Depuis l’Arrêt du Conseil du 17 Septembre 1754, qui permet le commerce des grains dans le Royaume, & leur sortie par quelques portes du Languedoc, il auroit été inutile de s’étendre encore sur cette liberté, si quelques personnes ne la regardoient comme dangereuse ; & s’il n’étoit pas nécessaire, que le public ne perdît point de vûe les motifs de ce nouveau Réglement, & sentît les avantages qui peuvent résulter d’un commerce plus étendu. L’on a quelquefois besoin du suffrage des peuples, pour concourir au bien général ; & il s’opère, plus aisément, quand il est plus connu.

Accoutumés à craindre toutes sortes de transports de grains, il n’y a pas longtems que leur communication, même dans le Royaume, ne se faisoit qu’avec difficulté, et paroissoit nuisible dans la plupart de nos Provinces. L’Arrêt qui vient d’être rendu a levé le bandeau & nous sommes surpris, de n’avoir pas vû plutôt, que leur commerce intérieur est utile & même indispensable. Examinons aujourd’hui sans prévention, si leur commerce extérieur peut s’exercer sans risques et s’il peut être avantageux aux sujets & à l’État.

Ce n’est pas la première fois, que cette question a été agitée en France. On en trouve les principes dans un Traité donné par un Auteur François,[1] qui a avancé, que plus nous vendrions de grains au dehors, plus notre culture seroit abondante, et le Royaume florissant. Cette opinion fondée sur des raisons assez probables, a sans doute été regardée comme un paradoxe. Ni les Mémoires donnés en 1739, par un Magistrat célèbre ; ni le Mémoire imprimé en 1748, pour prouver les avantages de l’exportation des grains ; ni les Livres Économiques qui en ont parlé depuis peu, n’ont pû vaincre notre répugnance pour la sortie de nos bleds. La proposition seule nous allarme elle est aussitôt écrasée sous l’autorité de la loi et de l’habitude ; on y oppose des difficultés effrayantes ; elle n’est ni écoutée, ni examinée.

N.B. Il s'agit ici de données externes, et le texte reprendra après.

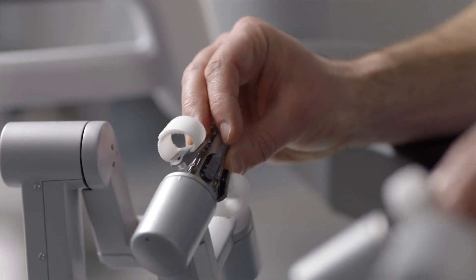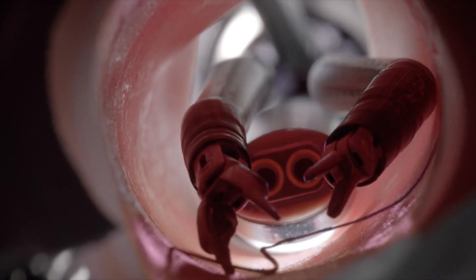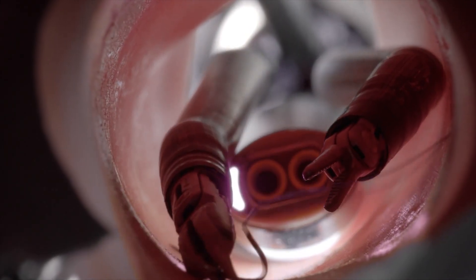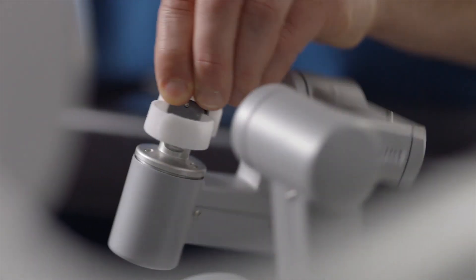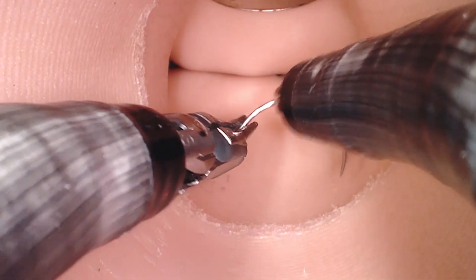Surgical robotics is a new technology that allows surgeons to extend their abilities to work in a more confined space with more precise movements and much better visualization.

L’exemple de nos voisins doit au moins nous engager à péser mûrement les raisons pour & contre, sans nous arrêter toujours à des allégations peu réfléchies. Nous vendions beaucoup de grains au dehors, avant que nous eussions pensé que ce commerce pouvoit être préjudiciable ; les Nations qui entendent le mieux leurs intérêts, s’en sont emparées à notre préjudice. Il est visible, qu’il a relevé leur culture, & contribué à augmenter leurs richesses & leur Marine. Considérations assez puissantes pour réveiller le zéle du bien public, & l’attention du Gouvernement.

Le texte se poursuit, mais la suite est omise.